Mr. and Mrs. Jennings were a white couple in their mid-seventies from a small community northeast of Birmingham. They were kind and generous people who were active in their local United Methodist church. They never missed a Sunday service and were especially drawn to children in crisis. They spoke softly and always seemed to be smiling but never appeared to be anything less than completely genuine and compassionate. They were affectionate with each other in a way that was endearing, frequently holding hands and leaning into each other. They dressed like farmers and owned ten acres of land, where they grew vegetables and lived simply. Their one and only grandchild, whom they had helped raise, had committed suicide when he was a teenager, and they had never stopped grieving for him. Their grandson struggled with mental health problems during his short life, but he was a smart kid and they had been putting money away to send him to college. They explained in their letter that they wanted to use the money they’d saved for their grandson to help Charlie.

Eventually, Charlie and this couple began corresponding with one another, building up to the day when the Jenningses met Charlie at the juvenile detention facility. They later told me that they “loved him instantly.” Charlie’s grandmother had died a few months after she first called me, and his mother was still struggling after the tragedy of the shooting and Charlie’s incarceration. Charlie had been apprehensive about meeting with the Jenningses because he thought they wouldn’t like him, but he told me after they left how much they seemed to care about him and how comforting that was. The Jenningses became his family.
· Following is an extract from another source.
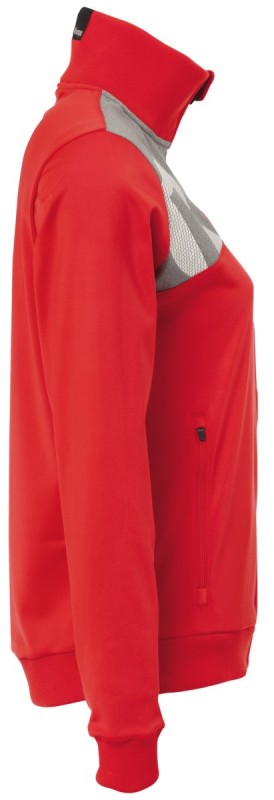 Kempa Core 2.0 Polyesterjacke Damen rot/dark grau melange Gr. S, M, L, XL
At one point early on, I tried to caution them against expecting too much from Charlie after his release. “You know, he’s been through a lot. I’m not sure he can just carry on as if nothing has ever happened. I want you to understand he may not be able to do everything you’d like him to do.”

They never accepted my warnings. Mrs. Jennings was rarely disagreeable or argumentative, but I had learned that she would grunt when someone said something she didn’t completely accept. She told me, “We’ve all been through a lot, Bryan, all of us. I know that some have been through more than others. But if we don’t expect more from each other, hope better for one another, and recover from the hurt we experience, we are surely doomed.”
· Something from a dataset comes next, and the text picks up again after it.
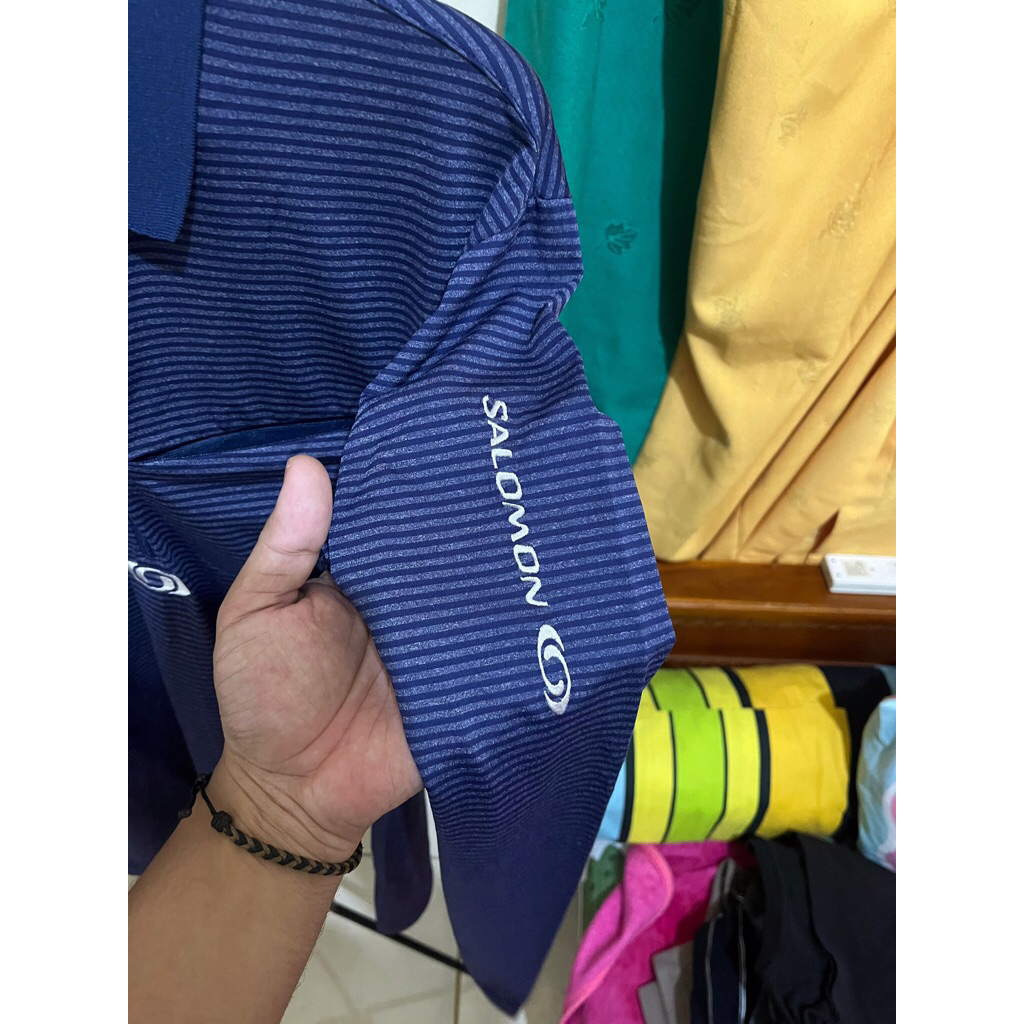 kaos kerah lengan panjang SALOMON original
The Jenningses helped Charlie get his general equivalency degree in detention and insisted on financing his college education. They were there, along with his mother, to take him home when he was released.

Chapter Seven

Justice Denied

Walter’s appeal was denied.

The seventy-page opinion from the Alabama Court of Criminal Appeals affirming his conviction and death sentence was devastating. I’d filed a lengthy brief that documented the insufficiency of the evidence and raised every legal deficiency in the trial that I could identify. I argued that there was no credible corroboration of Myers’s testimony and that under Alabama law the State couldn’t rely exclusively on the testimony of an accomplice. I argued that there was prosecutorial misconduct, racially discriminatory jury selection, and an improper change of venue. I even challenged Judge Robert E. Lee Key’s override of the jury’s life sentence, though I knew the reduction of an innocent man’s death sentence to life imprisonment without parole would still have been an egregious miscarriage of justice. The court rejected all of my arguments.

I didn’t think it would turn out this way. At the oral argument months earlier, I’d been hopeful as I walked into the imposing Alabama Judicial Building and stood in the grand appellate courtroom that was formerly a Scottish Rite Freemasonry temple. Constructed in the 1920s, the building was renovated into a cavernous courthouse in the 1940s, complete with marble floors and an impressive domed ceiling. It stood at the end of Dexter Avenue in Montgomery, across the street from the historic Dexter Avenue Baptist Church, where Dr. Martin Luther King Jr. had pastored during the Montgomery Bus Boycott. A block away was the state capitol, adorned with three banners: the American flag, the white and red state flag of Alabama, and the battle flag of the Confederacy.